Culture and characterization of human nasal gland cells

To study the regulation of ion transport by human nasal gland (HNG) cells, we developed a system for culturing HNG cells isolated by enzymatic digestion from human nasal polyps. When plated on flasks in media containing Ultroser G serum substitute and a variety of growth factors, the HNG cells became confluent after 5-7 days. Cells were collected by trypsinization and replated at 10⁶ cells/cm² on porous filters. Confluent monolayers formed on days 3-5 after replating and were studied on days 5-7. Transepithelial resistance and short-circuit current (I(sc)) were 177 ± 15 Ω · cm² and 12.2 ± 1.3 μA/cm² (means ± SE, n = 35).
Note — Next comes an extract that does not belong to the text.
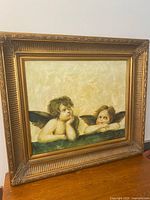 Frontal view showing full painting and ornate frame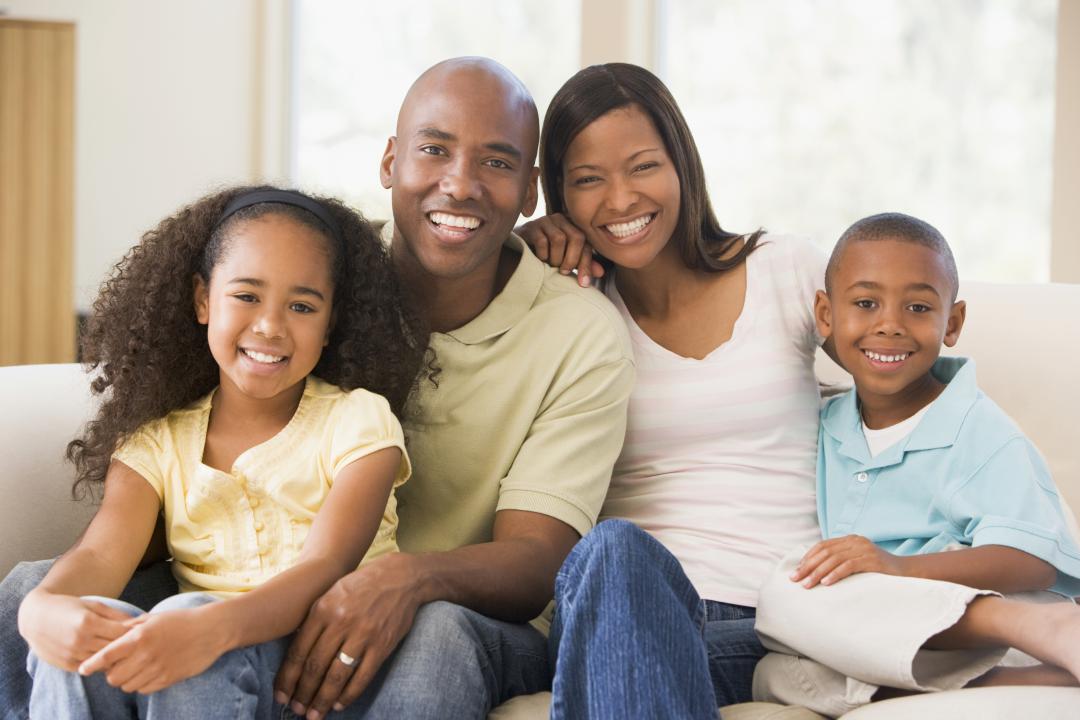 A family sitting on the couch and smiling.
Acetylcholine (ACh, 10^-5 M) induced a transient increase in I(sc) by 4.4 ± 1.0 μA/cm² when added to both apical and basolateral sides and returned to baseline levels within 5 min. Diphenylamine-2-carboxylate (10^-3 M) decreased baseline I(sc) by 30.2 ± 1.7% (n = 6) and inhibited I(sc) responses induced by ACh. Amiloride also decreased baseline I(sc) by 12.3 ± 3.4% (n = 6) but failed to inhibit ACh- induced I(sc) responses. ACh (10^-5 M) also induced an increase in intracellular Ca²⁺ concentration measured by fura 2-AM from 60.5 ± 16.3 to 248.3 ± 45.3 nM (n = 4). These findings suggest that gland cells from human nasal polyps can be grown in culture to produce epithelial cell sheets of high resistance, which secrete Cl^- in response to cholinergic agent via an increase in intracellular Ca²⁺ concentration.